Non, incontestablement, car beaucoup de choses demeuraient incomprises par la masse ou l'ennuyaient du fait de leur éternelle répétition. Combien de fois dans les restaurants, du temps où, sans étoile, j'avais encore le droit d'y entrer, combien de fois à l'usine, pendant l'alerte aérienne, alors que les Aryens avaient leur salle à eux et les Juifs aussi, et c'était dans la pièce aryenne que se trouvait la radio (et le chauffage et la nourriture), combien de fois n'ai-je entendu le bruit des cartes à jouer qui claquaient sur la table et les conversations à voix haute au sujet des rations de viande et de tabac et sur le cinéma, tandis que le Führer ou l'un de ses paladins tenaient de prolixes discours, et après on lisait dans les journaux que le peuple tout entier les avait écoutés attentivement.
Non, l'effet le plus puissant ne fut pas produit par des discours isolés, ni par des articles ou des tracts, ni par des affiches ou des drapeaux, il ne fut obtenu par rien de ce qu'on été forcé d'enregistrer par la pensée ou par la perception.
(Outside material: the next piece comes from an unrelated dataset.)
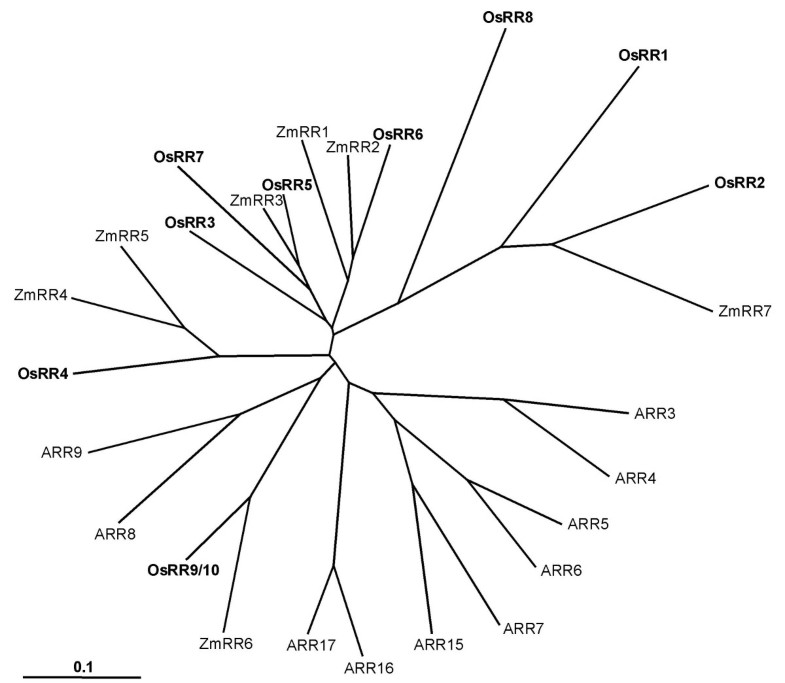 Molecular characterization and differential expression of cytokinin ... Biology Diagrams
Le nazisme s'insinua dans la chair et dans le sang du grand nombre à travers des expressions isolées, des tournures, des formes syntaxiques qui s'imposaient à des millions d'exemplaires et qui furent adoptés de façon mécanique et inconsciente. On a coutume de prendre ce discours de Schiller, qui parle de la « langue cultivée qui poétise et pense à ta place », dans un sens purement esthétique, et, pour ainsi dire, anodin. Un vers réussi, dans une « langue cultivée », ne prouve en rien la force poétique de celui qui l'a trouvé ; il n'est pas si difficile, dans une langue éminemment cultivée, de se donner l'air d'un poète et d'un penseur.
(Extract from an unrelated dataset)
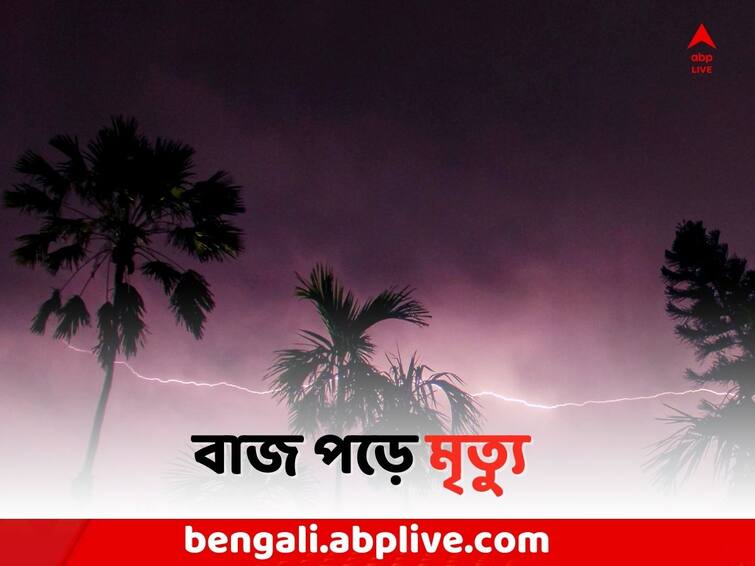 East Midnapore Local News: 3 died due to lightning in Haldia East Midnapore News: হলদিয়ায় বাজ পড়ে ৩ জনের মৃত্যু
Mais la langue ne se contente pas de poétiser et de penser à ma place, elle dirige aussi mes sentiments, elle régit tout mon être moral d'autant plus naturellement que je m'en remets inconsciemment à elle. Et qu'arrive-t-il si cette langue cultivée est constituée d'éléments toxiques ou si l'on en fait le vecteur de substances toxiques ? Les mots peuvent être comme de minuscules doses d'arsenic : on les avale sans y prendre garde, ils semblent ne faire aucun effet, et voilà qu'après quelque temps l'effet toxique se fait sentir. Si quelqu'un, au lieu d' « héroïque et vertueux », dit pendant assez longtemps « fanatique », il finira par croire vraiment qu'un fanatique est un héros vertueux et que, sans fanatisme, on ne peut pas être un héros. Les vocables « fanatique » et « fanatisme » n'ont pas été inventés par le Troisième Reich, il n'a fait qu'en modifier la valeur et les a employés plus fréquemment en un jour que d'autres époques en des années. Le Troisième Reich n'a forgé, de son propre cru, qu'un très petit nombre des mots de sa langue, et peut-être même vraisemblablement aucun. La langue nazie renvoie pour beaucoup à des apports étrangers et, pour le reste, emprunte la plupart du temps aux Allemands d'avant Hitler. Mais elle change la valeur des mots et leur fréquence, elle transforme en bien général ce qui, jadis, appartenait à un seul individu ou à un groupuscule, elle réquisitionne pour le Parti ce qui, jadis, était le bien général et, ce faisant, elle imprègne les mots et les formes syntaxiques de son poison, elle assujettit la langue à son terrible système, elle gagne avec la langue son moyen de propagande le plus puissant, le plus public et le plus secret.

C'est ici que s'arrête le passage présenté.